Стол понемногу становился нетраурно шумным: студенты уже переговаривались друг с другом, рассказывали истории, не имевшие отношения к ней и ее семье. Семьей был отец. Она не подпустила его к могиле. За то, что он влюбился в другую женщину… В их доме было известно, что мама тоже в кого-то влюблялась.
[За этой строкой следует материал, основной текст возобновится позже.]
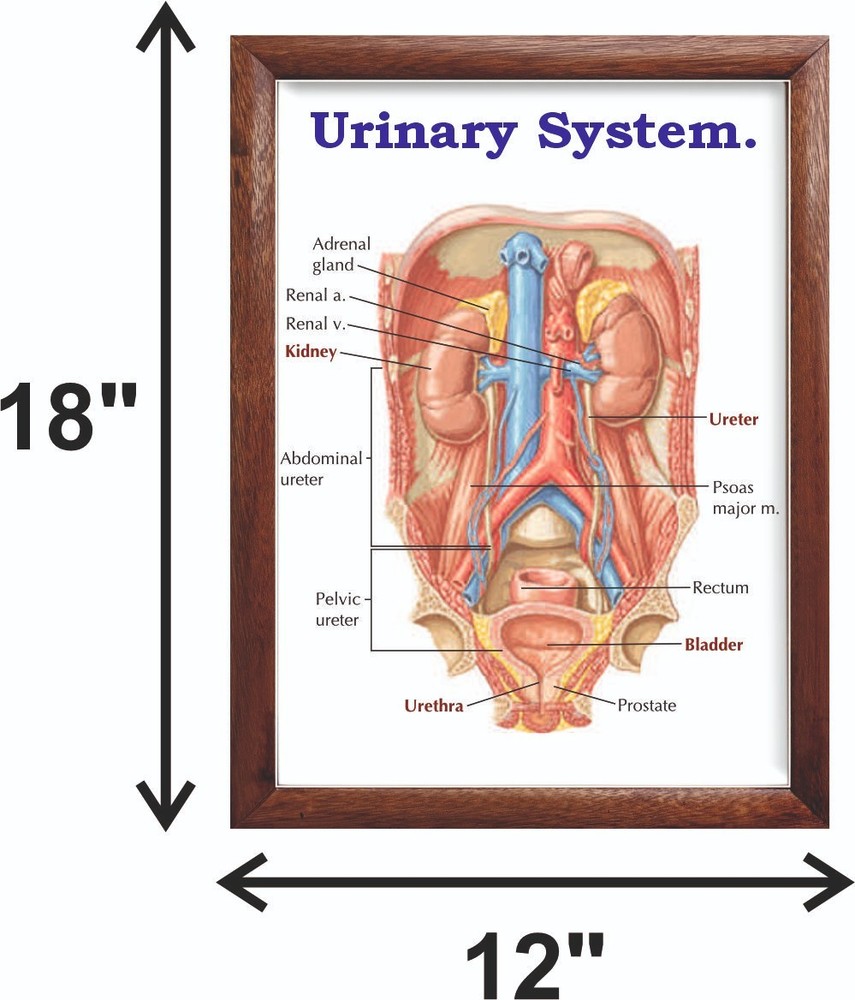 Urinary System Chart 12x18 inches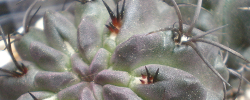 Cuidados del cactus Eriosyce taltalensis o Quisquito de Taltal.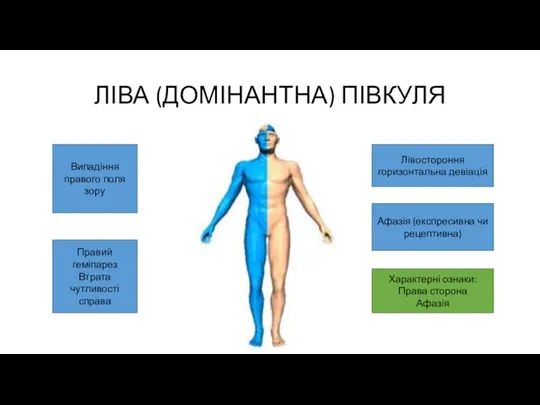 ЛІВА (ДОМІНАНТНА) ПІВКУЛЯ Випадіння правого поля зору Правий геміпарез Втрата чутливості справа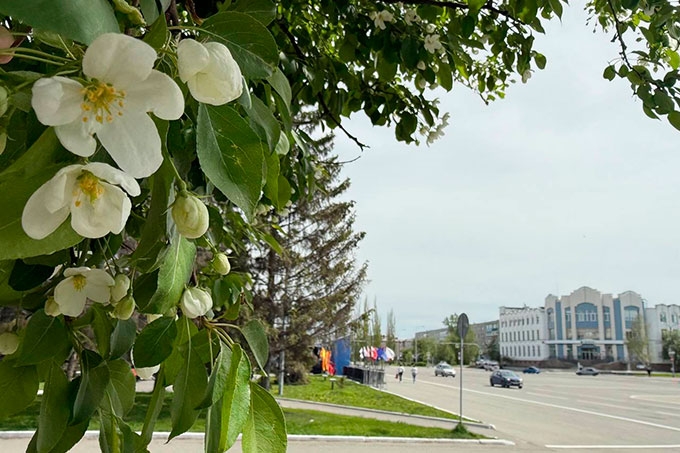 Пасмурно и дождливо будет на рабочей неделе в Шадринске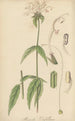 Monarda russelliana - William Jackson Hooker — weergave van het kunstwerk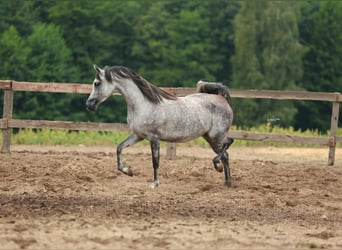 Arabian horses, Mare, 5 years, Gray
Может, она даже изменяла отцу?
Мама без конца повторяла, что именно отец сделал ее опереточной примой. Он без устали «прогонял» дома сцены из ее спектаклей. Она гораздо меньше интересовалась его искусством, потому что уставала от своих премьер и гастролей. Он же не уставал.
Мама выглядела легкомысленной и беззащитной. Легкомыслие отец ей прощал, ибо считал, что оно соответствует опереточному жанру, маминому амплуа, а от беззащитности ее отечески оберегал. Мама была вторым ребенком в афанасьевской семье, как бы старшей сестрой Ангелины. А иногда казалась и младшей.
Они с отцом прожили четверть века. Вправе ли одна история, возникшая, быть может, не по воле отца, а сама по себе… зачеркнуть все эти годы? И ей ли, появившейся на свет благодаря любви матери и отца, это решать? И почему тут расселись люди, которые не сидели, как отец, возле ее постели, пока она в детстве не засыпала, не внушали ей любовь к театру так заботливо и одержимо, как это делал он? А разве не он углядел в ней актерский дар, которого, возможно, и не было? Углядел и стал опекать… Они расселись, многие забыли, по какому поводу собрались и за чью память «опрокидывают» стаканы, поскольку рюмок в столовой не оказалось. А его нет… Не он ли должен быть с ней в дни горя, мучительней которого она еще ничего на свете не испытала?